- [TASK TO COMPLETE]:
For this exercise, retype the lines from the one that holds "Music box: circus" through the one that holds "Sterling Silver Layered" in the records below, both included, exactly and without pictures.

- [GIVEN DATA]:
====

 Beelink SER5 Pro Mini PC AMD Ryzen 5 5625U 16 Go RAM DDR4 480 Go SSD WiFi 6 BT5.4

====

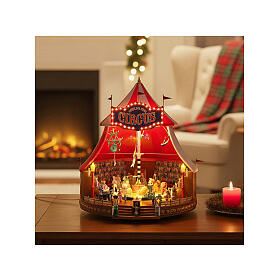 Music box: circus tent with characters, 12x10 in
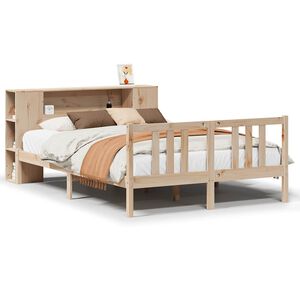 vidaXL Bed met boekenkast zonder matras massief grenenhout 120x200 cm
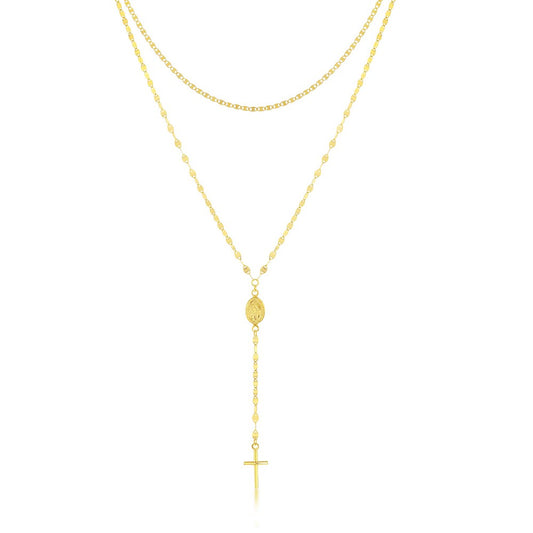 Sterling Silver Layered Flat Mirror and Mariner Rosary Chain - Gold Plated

====

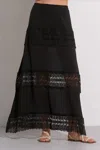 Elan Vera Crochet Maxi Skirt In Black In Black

====

- [EXERCISE OUTPUT]:
 Music box: circus tent with characters, 12x10 in
 vidaXL Bed met boekenkast zonder matras massief grenenhout 120x200 cm
 Sterling Silver Layered Flat Mirror and Mariner Rosary Chain - Gold Plated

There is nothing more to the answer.